Dava dilekçesindeki açıklamaya göre dava, zilyetlik nedeniyle kadastrodan önceki hukuki sebeplere dayanılan 3402 sayılı Yasa’nın 12/3. maddesindeki on yıllık hak düşürücü süre içinde açılan tapu iptali ve tescile ilişkindir.
Davacının dava ettiği ve fen bilirkişinin raporuna ekli krokide (A) ile gösterilen 1876,25 m2’lik taşınmaz bölümünün 101 ada 1 sayılı orman parseli, aynı krokide (B) ile gösterilen 7837,76 m2’lik taşınmaz bölümünün ise 101 ada 10 sayılı mer’a parseli içinde kaldığı anlaşılmaktadır. Davacı, orman ve mer’a niteliği ile Hazine adına tespit ve tescil edilen taşınmazların bir bölümü üzerinde zilyetliğe dayanarak tapu iptali ve adına tescili istemi ile dava açmıştır. Ne var ki; Dairenin geri çevirme kararı ile çekişmeli taşınmazlardan 101 ada 1 sayılı parselin Ardahan Kadastro Mahkemesi’nin 2008/158, 101 ada 10 parselin ise, yine aynı mahkemenin 2011/35 sayılı dosyalarında davalı oldukları anlaşılmıştır. Bu durumda; eldeki davanın açıldığı tarihte görülmekte olan bir dava (derdest) bulunduğuna göre, eldeki bu dava 3402 sayılı Yasa’nın 26/D maddesi anlamında derdest davalara katılmadır. 3402 sayılı Yasa’nın 26/D maddesi gereğince tespitten önceki haklara dayanılarak asli müdahil olarak davaya katılan kişilerle ilgili olarak uyuşmazlıkları çözümleme görevi kadastro mahkemelerine aittir.
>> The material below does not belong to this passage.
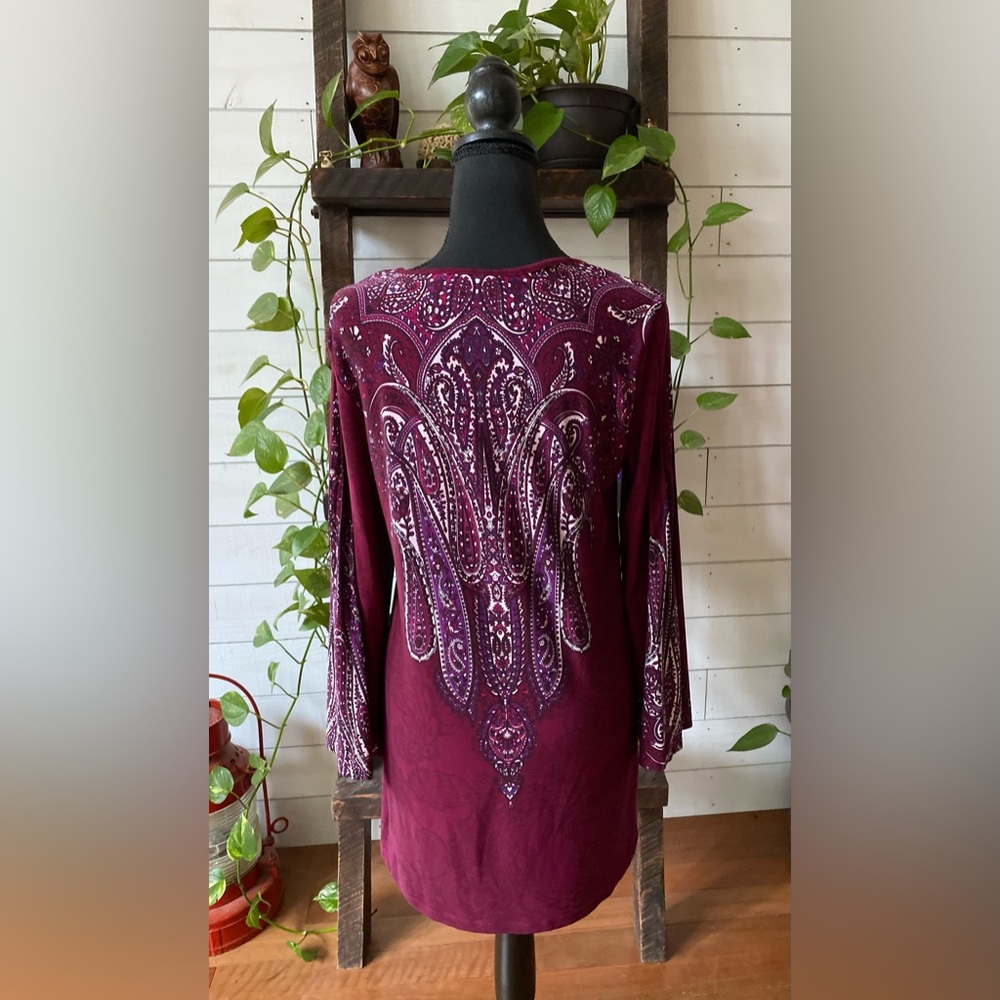 Effortless Style by Citiknits: Purple Boho Tunic Style Blouse - Picture 6 of 16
Görev konusu kamu düzeniyle ilgili olduğundan, yargılamanın her aşamasında mahkemece re’sen nazara alınması gerekir. Bu durumda; mahkemece, dava dilekçesinin görev yönünden reddine, dosyanın görevli kadastro mahkemesine gönderilmesine karar verilmesi gerekirken, yazılı olduğu üzere işin esası hakkında kesin hüküm oluşturacak biçimde karar verilmiş olması doğru değildir.
S o n u ç: Yukarıda açıklanan nedenlerle; davacı gerçek kişinin temyiz itirazlarının kabulü ile hükmün (BOZULMASINA), bozma nedenine göre diğer yönlerin bu aşamada incelenmesine yer olmadığına, peşin alınan temyiz harcının istek halinde yatırana iadesine 27.03.2012 günü oybirliği ile karar verildi.